### PROBLEM REQUIREMENTS
Start to finish, return the listing below exactly, pictures excluded.

BEGIN MATERIAL PROVIDED

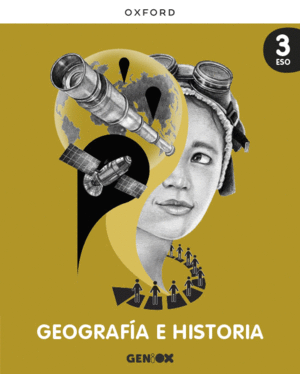 GEOGRAFA E HISTORIA 3 ESO. LIBRO DEL ESTUDIANTE. GENIOX (ED. VALENCIA)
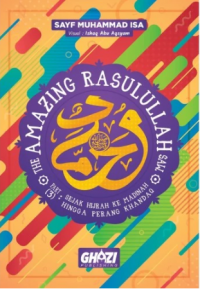 The Amazing Rasulullah: Part 3 Sejak Hijrah Ke Madinah Hingga Perang Khandaq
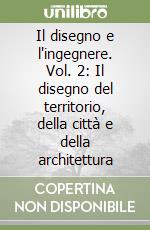 Il disegno e l'ingegnere. Vol. 2: Il disegno del territorio, della città e della architettura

END MATERIAL PROVIDED

### ANSWER SECTION
 GEOGRAFA E HISTORIA 3 ESO. LIBRO DEL ESTUDIANTE. GENIOX (ED. VALENCIA)
 The Amazing Rasulullah: Part 3 Sejak Hijrah Ke Madinah Hingga Perang Khandaq
 Il disegno e l'ingegnere. Vol. 2: Il disegno del territorio, della città e della architettura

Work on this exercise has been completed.